Press conference with the laureates of the memorial prize in economic sciences 2009 at the KVA: Elinor Ostrom (Photo credit: Wikipedia) |
Note from YES! Magazine Publisher Fran Korten: On June 12 the world lost a powerful voice for value of collective action. Elinor Ostrom, winner of the Nobel Prize in Economics in 2009, passed away after months of struggle with pancreatic cancer.
Her groundbreaking research documented the conditions under which local people the world over will manage natural resources in an equitable and sustainable manner. Lin was my friend and colleague, and I deeply mourn her loss.
Her perspective is sorely needed now, as delegates gather for the Rio+20 conference in Brazil to negotiate agreements on the best ways to reach a sustainable world. Lin was wary of formulaic solutions that ignore and constrain the capability of local people to act in their own long-term best interest. Government's role, she felt, was to support local capability, not undermine it, as is so often the case.
In the interview that I conducted shortly after she had received the Nobel Prize, I asked her what would be her advice to people in power. "No panaceas!" was her instant response.
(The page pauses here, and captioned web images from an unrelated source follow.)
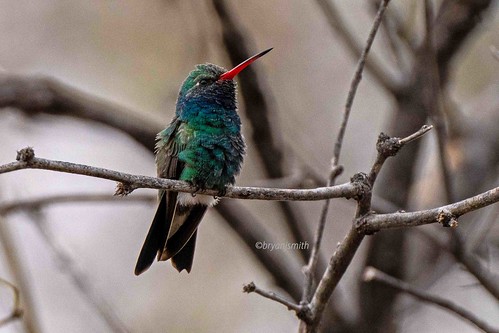 broadbilledhummingbird cynanthuslatirostris hummingbirds trochilidae birdsofarizona ©bryanjsmith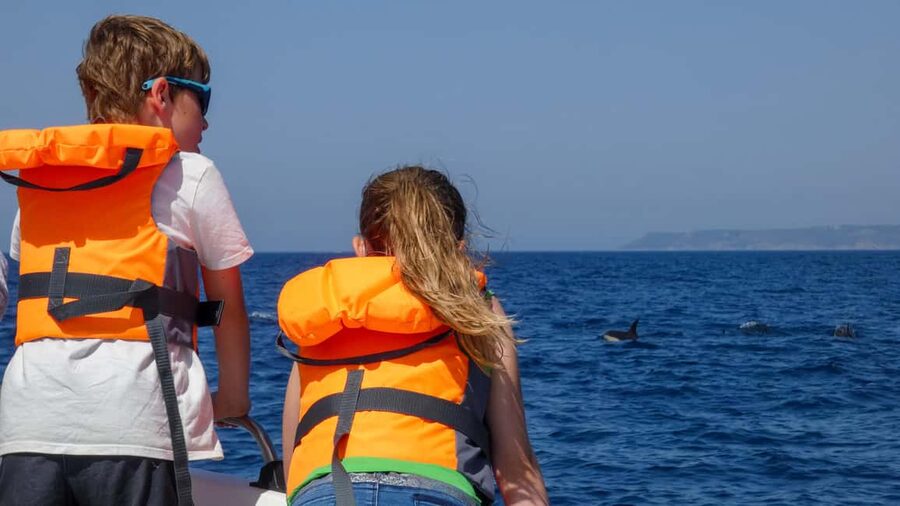 Sesimbra: Arrábida Dolphin Watching Boat Tour with Biologist - What to Bring for a 3-Hour Boat Ride in Sesimbra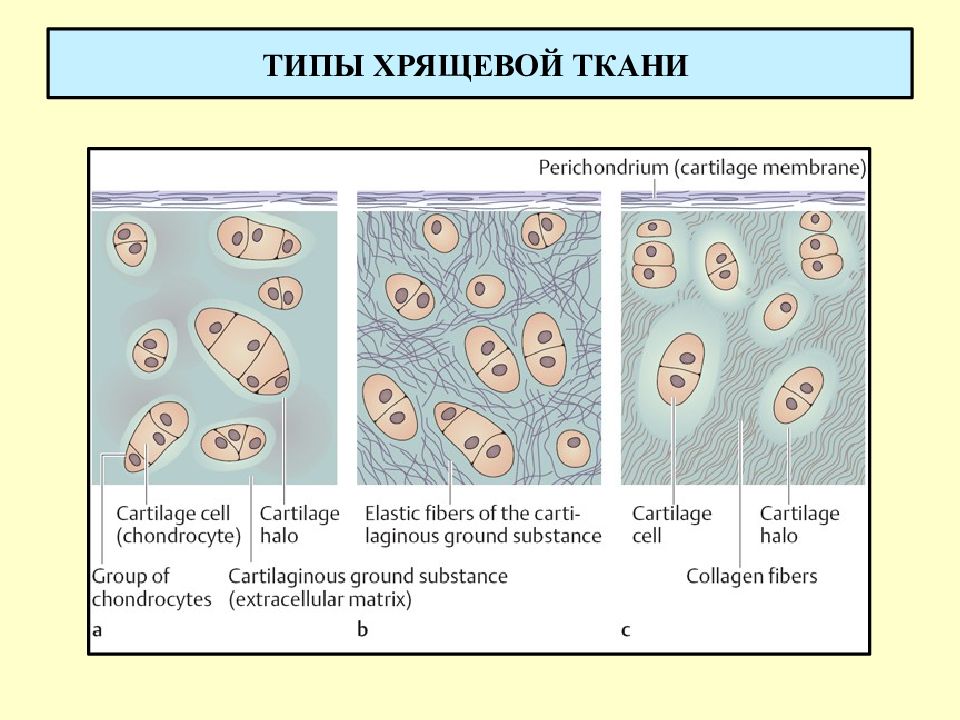 Анатомия презентация ткани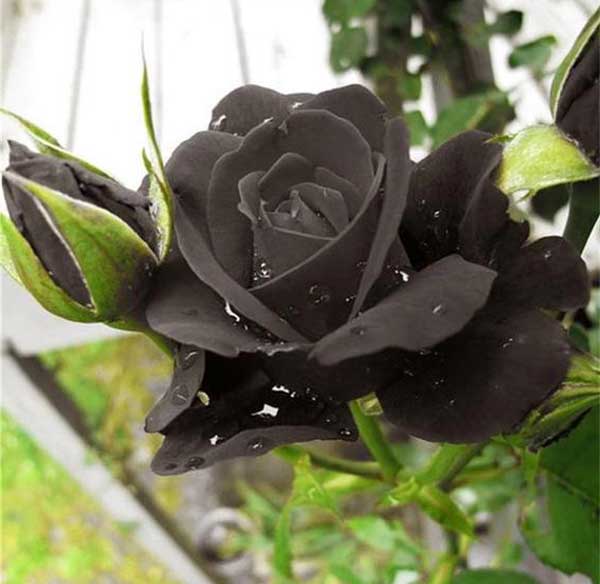 عکس پروفایل گل رز سیاه مشکی
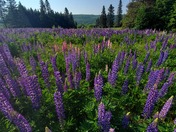 Superior National Forest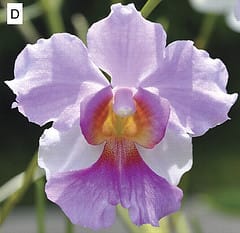 Vanda Señorita Joaquim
Large institutions - whether governments or corporations - err in looking for standardized approaches, while local people can tailor their solutions to the unique characteristics of their place. The negotiators at Rio would do well to heed her words.
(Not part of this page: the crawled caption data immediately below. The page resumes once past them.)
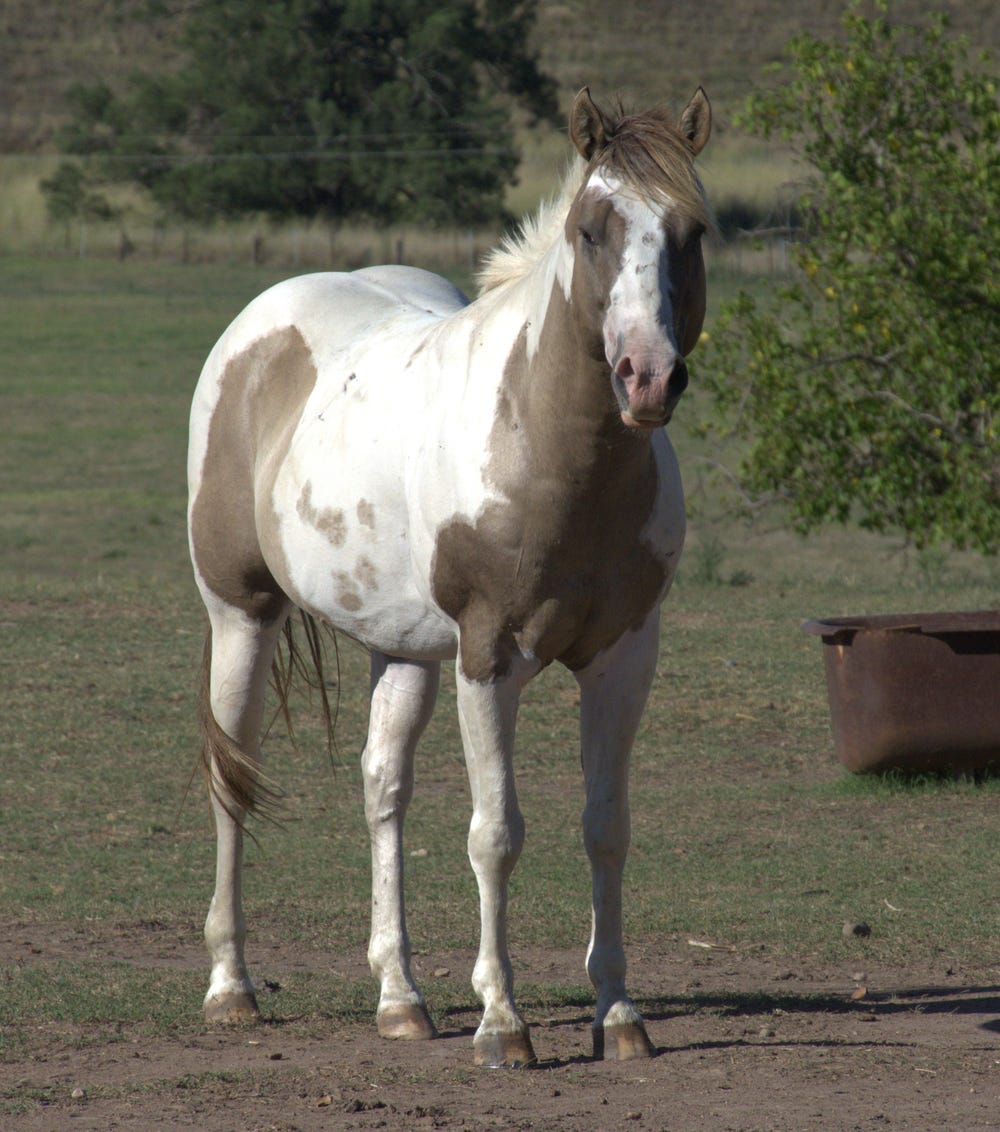 Big Beautiful Bay TB in Foal — photo 3 of 3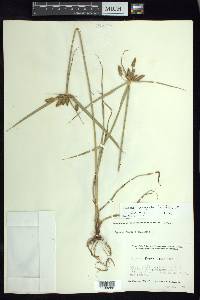 Cyperus aggregatus image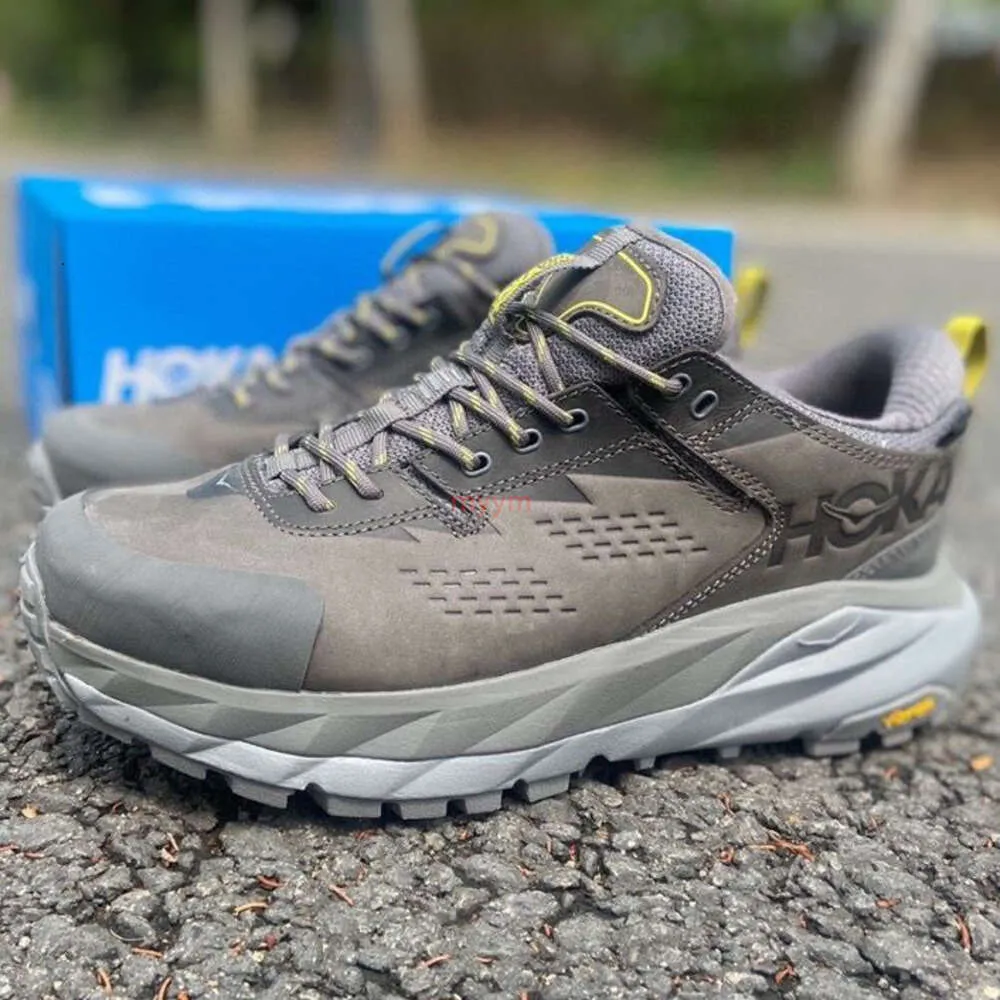 Hoka waterproof top running shoes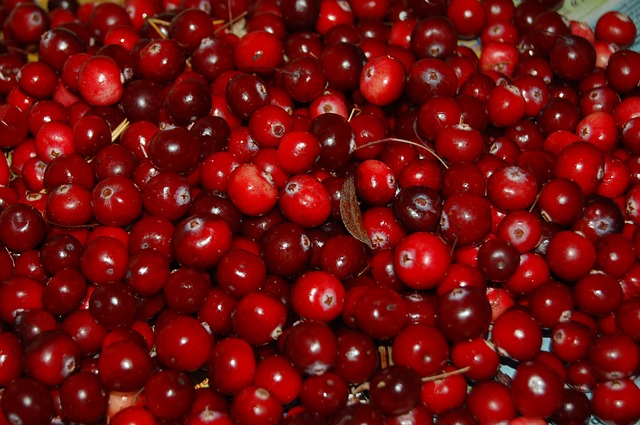 Brusnice – červené bobule plné zdravia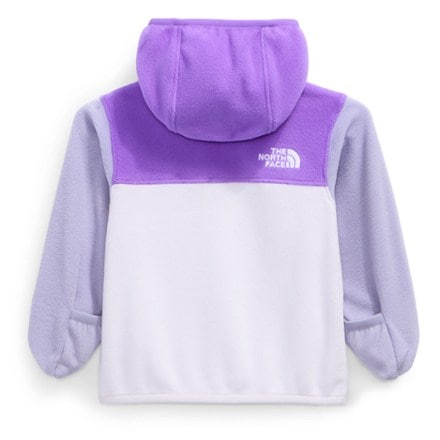 The North Face Glacier Full-Zip Hoodie - Infants' 3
Elinor Ostrom shared her advice for Rio + 20 with Project Syndicate shortly before her death:
Much is riding on the United Nations Rio+20 summit. Many are billing it as Plan A for Planet Earth and want leaders bound to a single international agreement to protect our life-support system and prevent a global humanitarian crisis. Inaction in Rio would be disastrous, but a single international agreement would be a grave mistake.
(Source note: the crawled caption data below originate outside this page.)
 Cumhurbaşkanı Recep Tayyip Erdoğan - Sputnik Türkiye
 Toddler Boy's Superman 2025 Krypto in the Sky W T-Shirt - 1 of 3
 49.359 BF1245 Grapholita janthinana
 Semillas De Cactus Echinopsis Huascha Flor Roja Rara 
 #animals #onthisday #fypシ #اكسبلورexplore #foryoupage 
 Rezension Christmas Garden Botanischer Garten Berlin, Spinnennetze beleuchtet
We cannot rely on singular global policies to solve the problem of managing our common resources: the oceans, atmosphere, forests, waterways, and rich diversity of life that combine to create the right conditions for life, including seven billion humans, to thrive.
We have never had to deal with problems of the scale facing today’s globally interconnected society. No one knows for sure what will work, so it is important to build a system that can evolve and adapt rapidly.
Decades of research demonstrate that a variety of overlapping policies at city, subnational, national, and international levels is more likely to succeed than are single, overarching binding agreements. Such an evolutionary approach to policy provides essential safety nets should one or more policies fail.
The good news is that evolutionary policymaking is already happening organically. In the absence of effective national and international legislation to curb greenhouse gases, a growing number of city leaders are acting to protect their citizens and economies.
This is hardly surprising - indeed, it should be encouraged.
Most major cities sit on coasts, straddle rivers, or lie on vulnerable deltas, putting them on the front line of rising sea levels and flooding in the coming decades. Adaptation is a necessity. But, with cities responsible for 70 percent of global greenhouse-gas emissions, mitigation is better.
When it comes to tackling climate change, the United States has produced no federal mandate explicitly requiring or even promoting emissions-reductions targets. But, by May last year, some 30 US states had developed their own climate action plans, and more than 900 US cities have signed up to the US climate-protection agreement.